= Nanjing National Theatre Academy =

Former theater school in Nanjing, China

The Nanjing National Theatre Academy, also known as the National Drama School or the National Theatre Academy (zh: 南京国立戏剧专科学校 or 国立戏剧学校 or 国立戏剧专科学校) was a Drama school in the Republic of China and the first institute of higher education in the field of drama in China.

== History ==

The Nanjing National Theatre Academy was founded in the fall of 1935 by Fang Chih as an organ of the KMT Central Propaganda Department. Fang, working on behalf of the CC Clique, a powerful faction of the Kuomintang, envisioned the school as China's first ever institute of higher education in the field of drama espousing the principals of the New Life Movement. The New Life Movement was the brainchild of General Chiang Kai-shek and his wife Soong Mei-ling with the backing of the Blue Shirts Society, the KMT's extreme right wing.

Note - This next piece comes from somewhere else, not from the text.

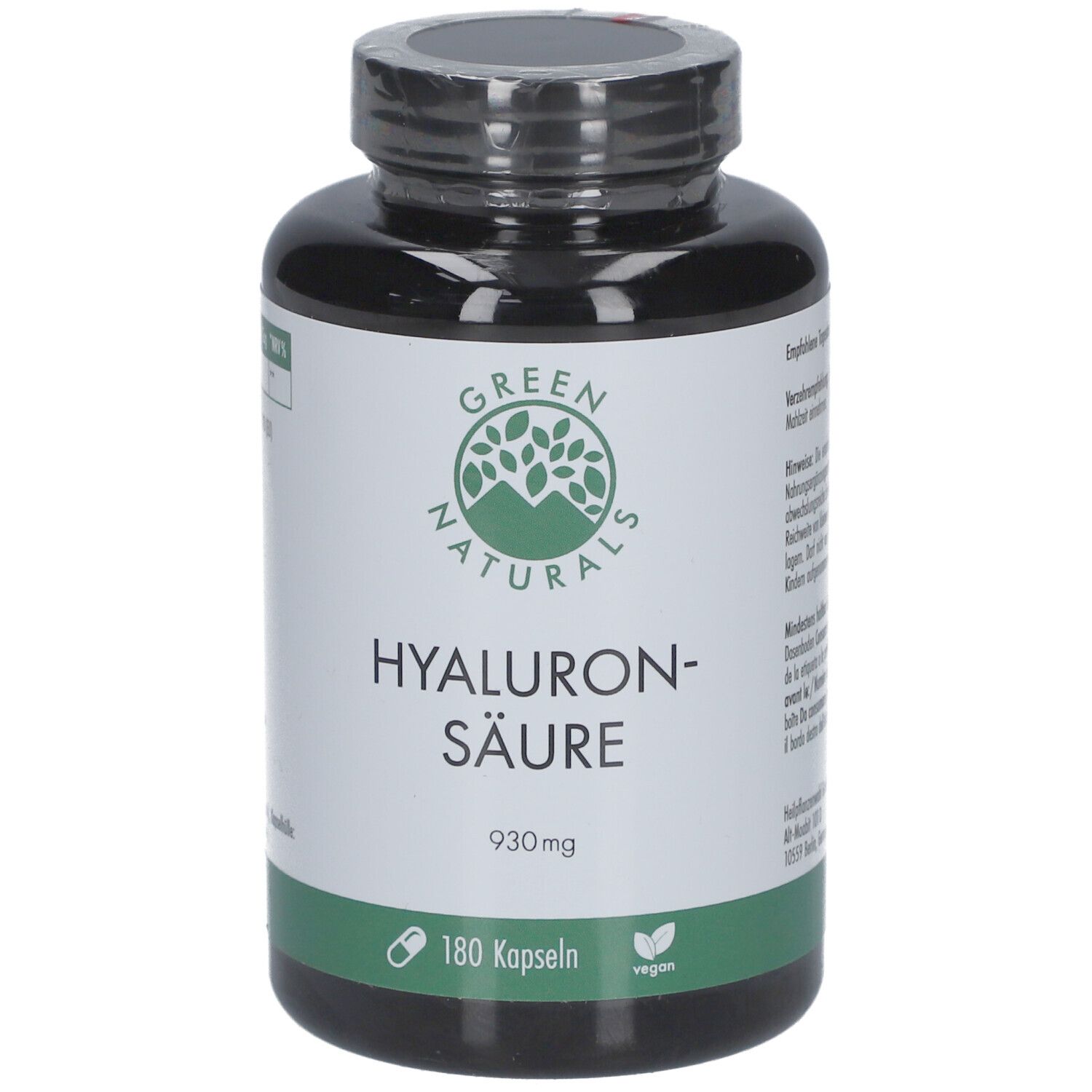 Schwarze Flasche mit grünem Etikett. Aufschrift: GREEN NATURALS Hyaluronsäure 930mg, 180 Kapseln, vegan.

The original campus was located at the southeast corner of the intersection of Sanyong Lane (zh: 双龙巷) and the Nanjing Drum Tower.

== War ==

With the outbreak of World War II, the school moved briefly to Changsha and then to Chongqing. In 1938 or 1939, the school moved to Jiang County, Sichuan Province. In 1940, the name of the school was changed to the National Theatre College (zh: 国立戏剧专科学校) as a branch of the Ministry of Education where Fang Chih was the Chairman of the Transitional National Government Committee. In 1945, the school again relocated briefly to Chungking where Fang was the municipality's party chief before being relocated permanently to Nanjing.

After the fall of the Kuomintang government in the Chinese Civil War, the Nanjing Theatre Academy merged with the drama department of the Lu Xun Art Academy to form the Central Academy of Drama by order of Mao Zedong. Today, the Central Academy of Drama is one of the most prestigious drama school in the PRC together with the Beijing Film Academy and the Shanghai Theatre Academy. The school was relocated to Beijing in April 1950 where it was renamed under the Central Academy of Drama with Ouyang Yuqian acting as the first school president.